* **MATERIAL PROVIDED**:
══════════
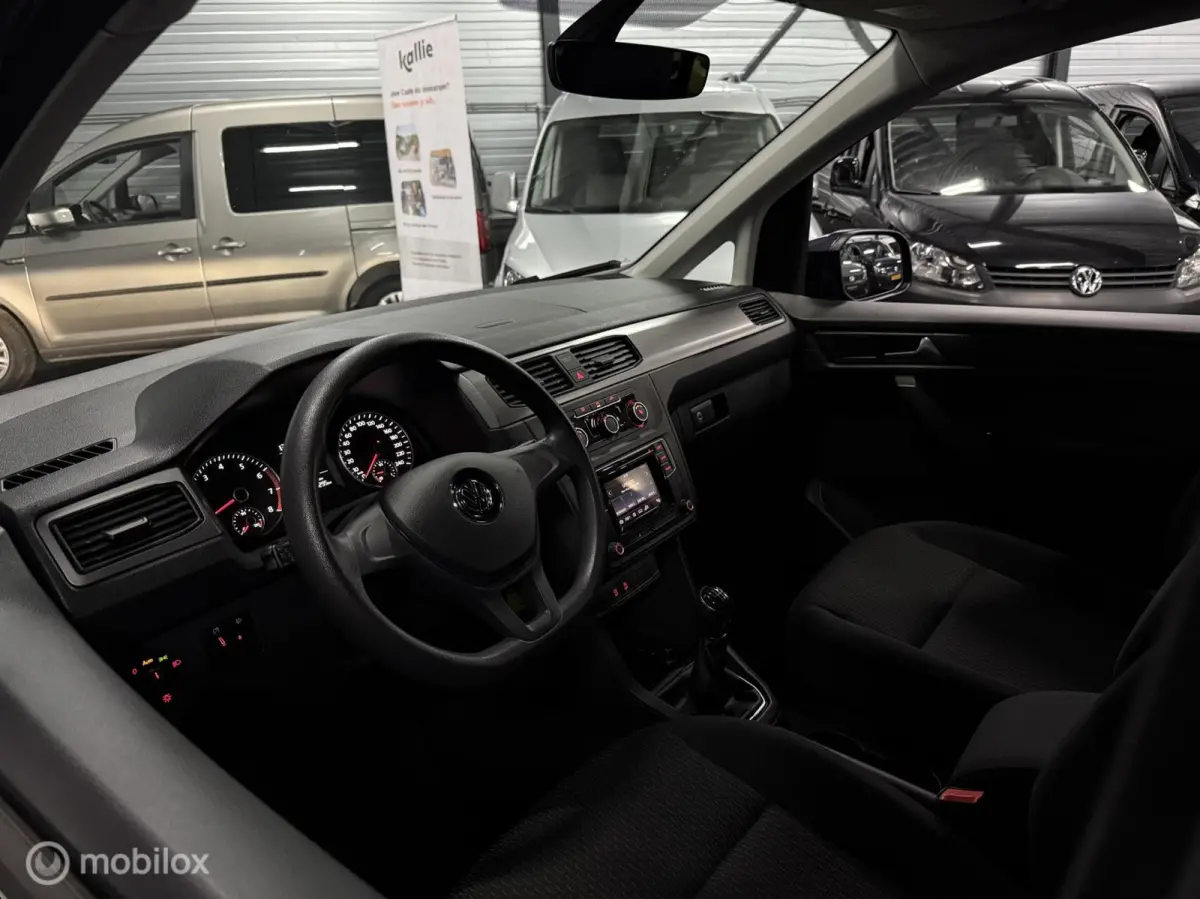 Maxi 1.4 TSI Highline Bi-Xenon|Airco|Cruise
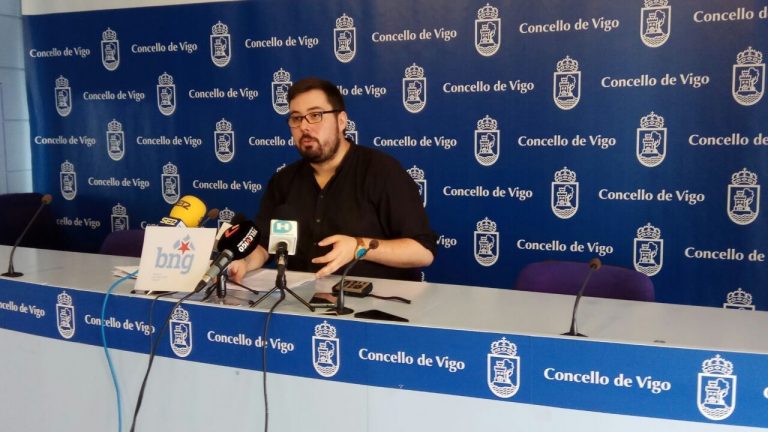 El BNG demanda apoyo del Ayuntamiento de Vigo para instar al Puerto a facilitar la continuidad de Vulcano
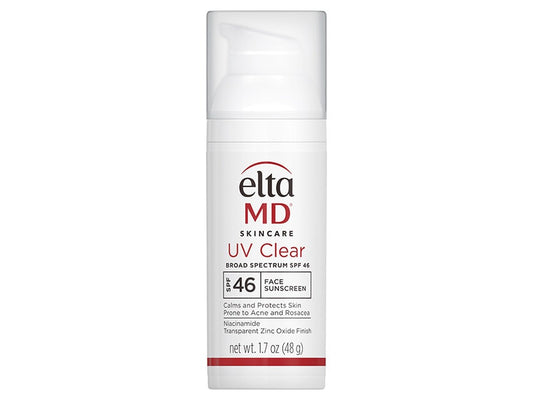 EltaMD UV Clear Broad-Spectrum SPF 46 Tinted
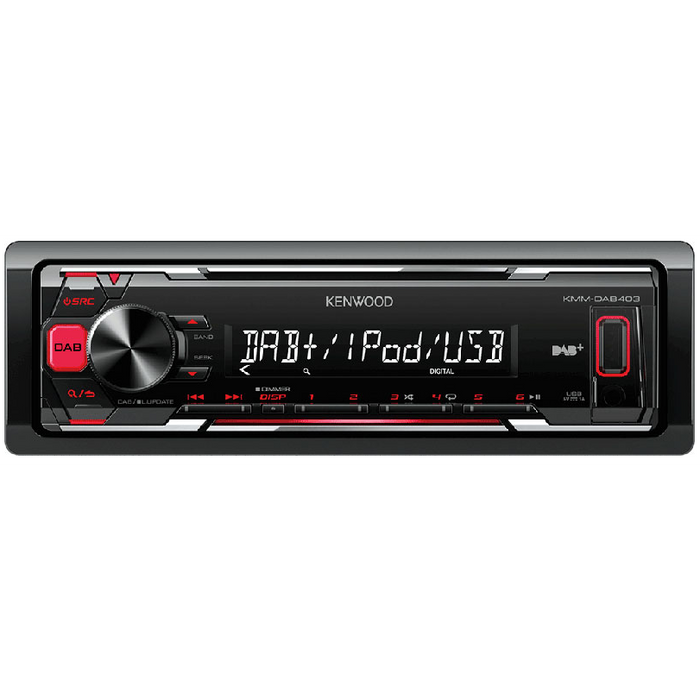 KENWOOD KMM-DAB403 -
══════════
* **HOW TO COMPLETE THIS TASK**:
From the line with "El BNG demanda" through the final line of the data above, copy everything exactly, both ends included, but not the pictures.

* **SOLUTION FOR THIS EXERCISE**:
 El BNG demanda apoyo del Ayuntamiento de Vigo para instar al Puerto a facilitar la continuidad de Vulcano
 EltaMD UV Clear Broad-Spectrum SPF 46 Tinted
 KENWOOD KMM-DAB403 -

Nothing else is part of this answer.